In this project, we train our own diffusion models from scratch on MNIST digits. We start with a simple UNet denoiser, then add time conditioning, and finally class conditioning to generate specific digits.
In this section we explore how to use a UNet to denoise MNIST images instead of general images from the diffusion model. We first show how noise is added by visualizing the digit 2 at different noise levels:
We trained the UNet on MNIST with sigma = 0.5. The training loss curve is as follows:
As a comparison of how the UNet performs at different points during training, we show the results after the 1st and 5th epochs on a few examples:
We can see that the UNet performs better after the 5th epoch than the first epoch. This is because the UNet is not able to denoise the image as well after the 1st epoch and still has some extra white traces.
We also tried to denoise images out of distribution by testing various values of sigma from 0 to 1. The results for 3 examples are as follows:
We can see that the UNet has a higher loss but the training loss seems to be relatively stable.
We tried to denoise pure noise by training the UNet on pure noise. The training loss curve is as follows:
The results for pure noise after the 1st and 5th epochs are as follows:
We see that epoch 5 is a bit less blurry but all of the outputs look the same for a given epoch.
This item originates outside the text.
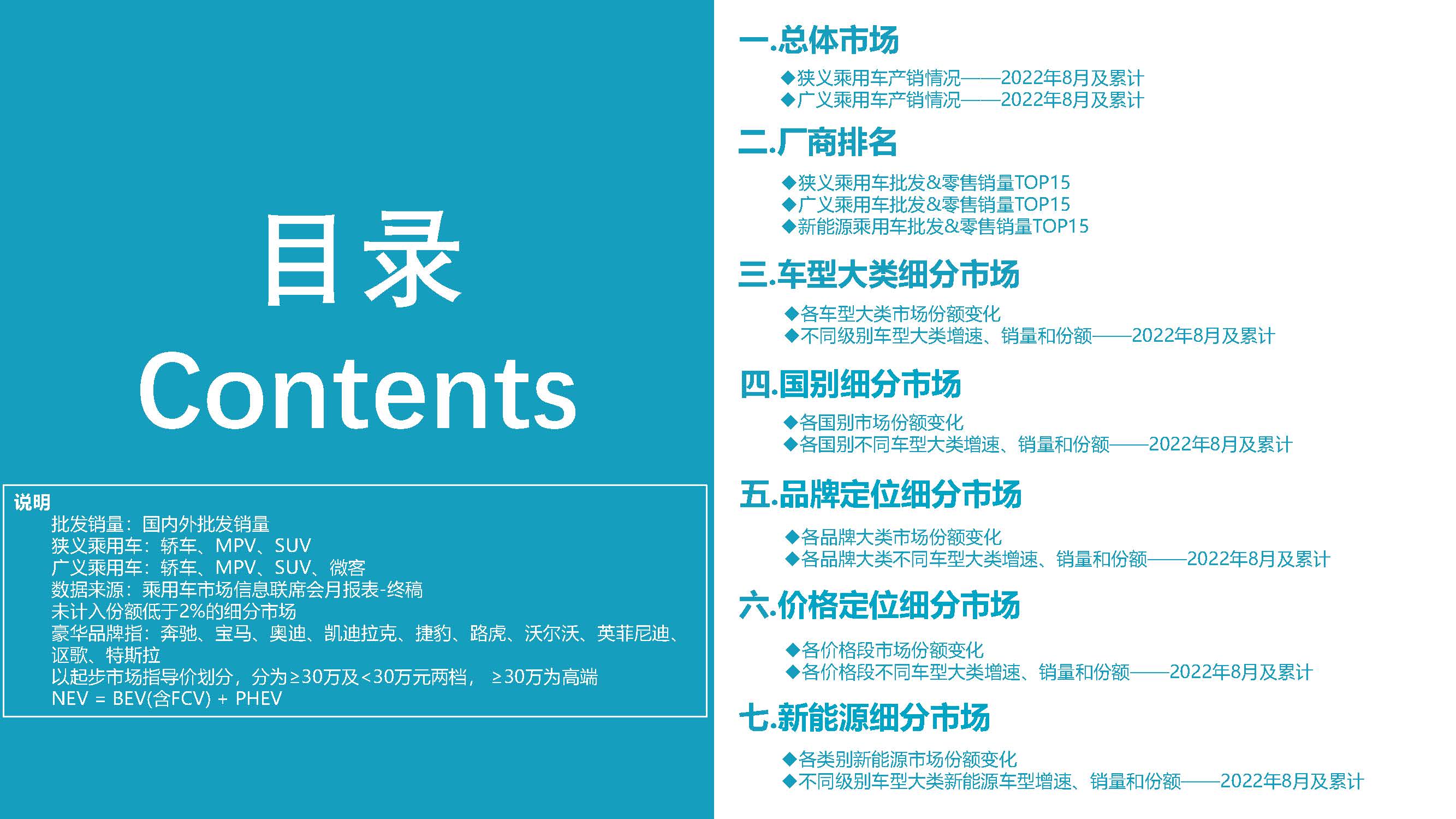 2022年8月份全国乘用车市场深度分析报告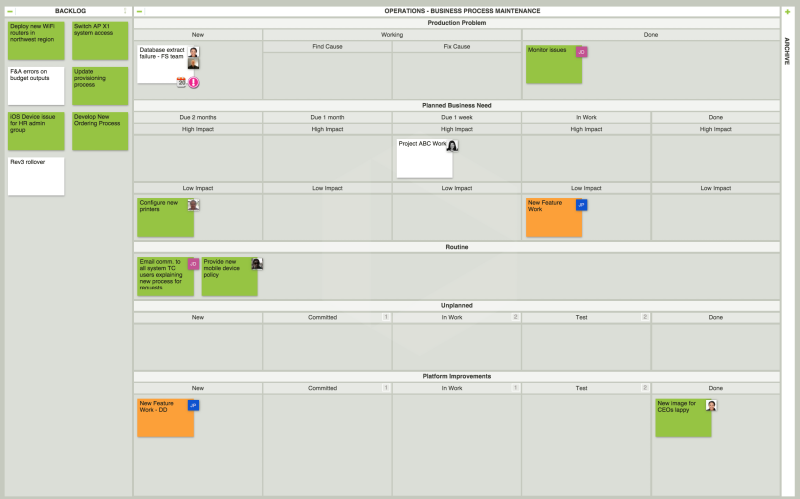 leankit kanban board 4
I think that because the input does not provide any information at all, the UNet learned to just not use the input and output a constant image that is the closest to the average of the training data (it looks like all of the digits where it is more light when there are more digits going through it).
We first show the training loss curve for the time-conditioned UNet:
We trained a time-conditioned UNet to help provide extra context for the denoising process. By having this extra time parameter, it gives the UNet more information about how much noise there is and thus helps it decode. Here are the results after training for 1, 5, and 10 epochs:
We can see that the time-conditioned UNet struggles to generate digits even after 10 epochs where it has stabilized in training loss. I think this may be due to not knowing which digit to generate since the UNet will likely just generate a "random" looking digit. Note that it is better than the pure noise model as the time parameter provides some context and so it looks less noisy.
We now give the model even more context: we tell the UNet the class of the image (what digit it is) and see how it affects performance as well as sampling. If this works, it would let us generate chosen digits from the UNet instead of random digits.
We first show the training loss curve for the class-conditioned UNet:
We can see that the loss decreases over time, indicating that it does better on the training data.
We show the sampling results for the class-conditioned UNet, generating 4 instances of each digit:
We can see that the class-conditioned UNet is able to generate the digits much earlier into the training than the time-conditioned UNet. It seems that this extra piece of information is enough to help the UNet converge faster.